For a positive integer $n$ , let $$f_{n}(x)= x^{n-1} + x^{n-2} +...+x+1.$$ Then $f_{p} (x^{p^{e-1}})$ is an irreducible polynomial in $\mathbb{Q}[x]$ for every prime $p$ and every postive integer $e$. [True/False].
What I know is that, $f_{p} (x)$ is an irreducible polynomial in $\mathbb{Q}[x]$ for every prime number $p$ .
Any help would be appreciated. Thanks in advance.
The claim is true! You can show that for any prime $p$, and positive integer $e$
$$x^{p^{e+1}} - 1 = (x^{p{^e}} -1)((x^{p{^e}})^{p-1} + ((x^{p{^e}})^{p-2} + \cdots + (x^{p^{e}}) + 1)$$
(to see this more easily, set $u = x^{p^e}$ in into the familiar equation $u^p - 1 = (u-1)(u^{p-1} + \cdots + u + 1)$.

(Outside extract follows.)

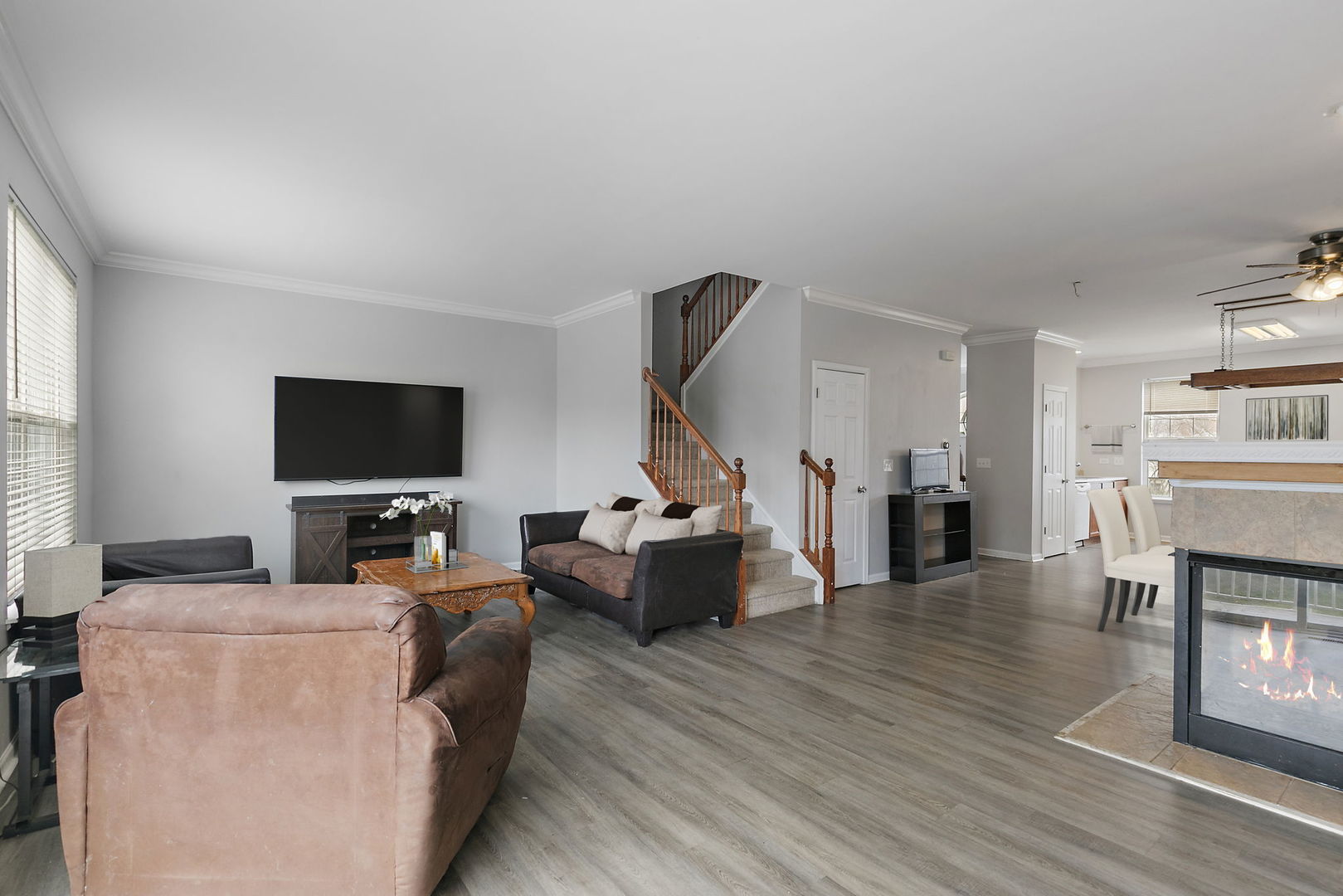 259 Comstock Drive Elgin, IL 60124 - Photo 7 of 15 a living room with furniture and a flat screen tv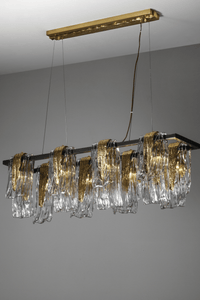 Side-angle view of Aurora Magma chandelier showing sculpted Murano-style glass folds and polished brass frame details.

Let $\zeta_{p^{e+1}}$ be a primitive $p^{e+1}$ root of unity. Then, $\zeta_{p^{e+1}}$ is a root of the left hand side of the above equation and so $\zeta_{p^{e+1}}$ is a root of the left hand side. Hence, $\zeta_{p^{e+1}}$ is a root fo $x^{p^e} - 1$ or $(x^{p{^e}})^{p-1} + ((x^{p{^e}})^{p-2} + \cdots + (x^{p^{e}}) + 1$. It is not a root of $x^{p^e} - 1$, it must be a root of $(x^{p{^e}})^{p-1} + ((x^{p{^e}})^{p-2} + \cdots + (x^{p^{e}}) + 1$. The degree of $\zeta_{p^{e+1}}$ over $\mathbb{Q}$ is $\varphi(p^{e+1}) = p^{e+1} - p^e$ (this is the cyclotomic field of $p^{e+1}$ roots of unity). Also, note here that we are using the fact that $p$ is prime to calculate $\varphi(p^{e+1})$. Thus, the minimal polynomial of $\zeta_{p^{e+1}}$ over $\mathbb{Q}$ is of degree $p^{e+1} - p^e$.
Note that $(x^{p{^e}})^{p-1} + ((x^{p{^e}})^{p-2} + \cdots + (x^{p^{e}}) + 1$ is a polynomial of degree $p^{e+1} - p^e$ and has $\zeta_{p^{e+1}}$ as a root. Thus, $(x^{p{^e}})^{p-1} + ((x^{p{^e}})^{p-2} + \cdots + (x^{p^{e}}) + 1$ is the minimal polynomial of $\zeta_{p^{e+1}}$ over $\mathbb{Q}$ and consequently irreducible over $\mathbb{Q}$.